Em nenhuma parte se pode
escutar melhor que no deserto, a chamada de Deus para mudar o mundo. O deserto
é um território da verdade. O lugar onde se vive do essencial. Não há lugar
para o supérfluo. Não se pode viver acumulando coisas sem necessidade. Não é
possível o luxo nem a ostentação. O decisivo é procurar o caminho acertado para
orientar a vida.
Por isso, alguns profetas
recordam tanto o deserto, símbolo de uma vida mais simples e melhor enraizada
no essencial, uma vida todavia sem distorções por tantas infidelidades a Deus e
tantas injustiças com o povo.

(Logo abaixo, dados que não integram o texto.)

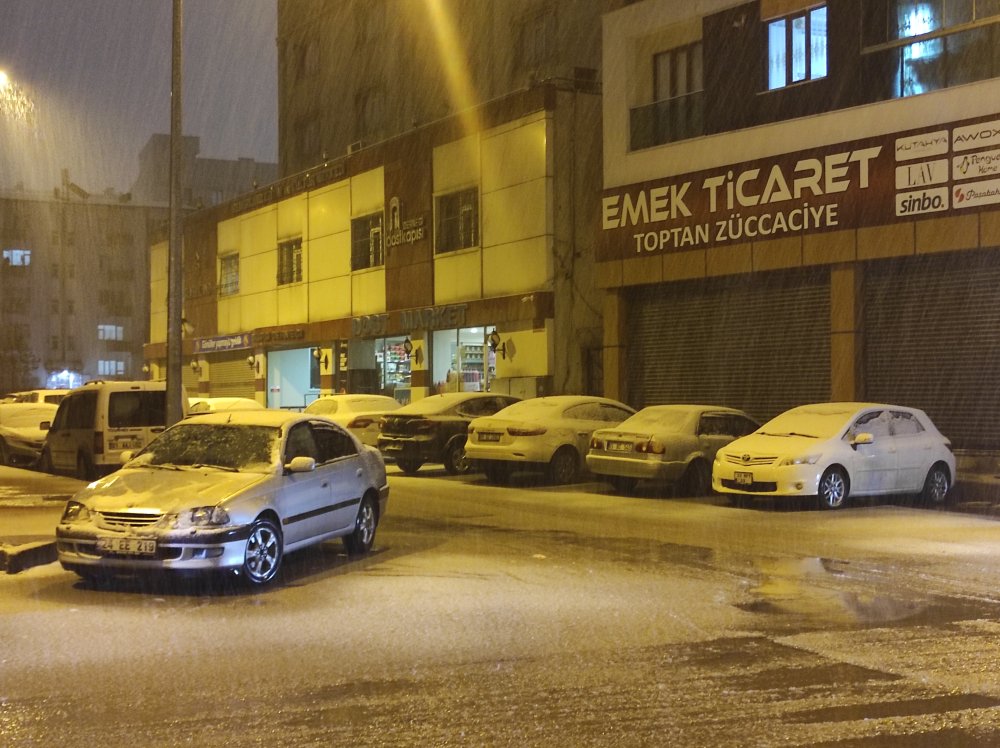 Kent merkezi beyaza büründü!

Neste marco do deserto, João Batista anuncia o
símbolo grandioso do «Batismo», ponto de partida de conversão, purificação,
perdão e início de vida nova.
Como responder hoje a esta
chamada? O Batista resume-o numa imagem tomada de Isaías: «Preparai o caminho do Senhor».
As nossas vidas estão semeadas de obstáculos e resistências que impedem ou
dificultam a chegada de Deus aos nossos corações e comunidades, à nossa Igreja
e ao nosso mundo. Deus está sempre próximo. Somos nós os que temos de abrir
caminhos para acolhe-Lo encarnado em Jesus.
As imagens de Isaías
convidam a compromissos muito básicos e fundamentais: cuidar melhor do
essencial sem nos distrairmos com o secundário; retificar o que temos vindo a
deformar entre todos; tomar caminhos difíceis; afrontar a verdade real das
nossas vidas para recuperar um perfil de conversão. Temos de cuidar bem dos
batismos das nossas crianças, mas o que necessitamos todos é um «batismo de conversão».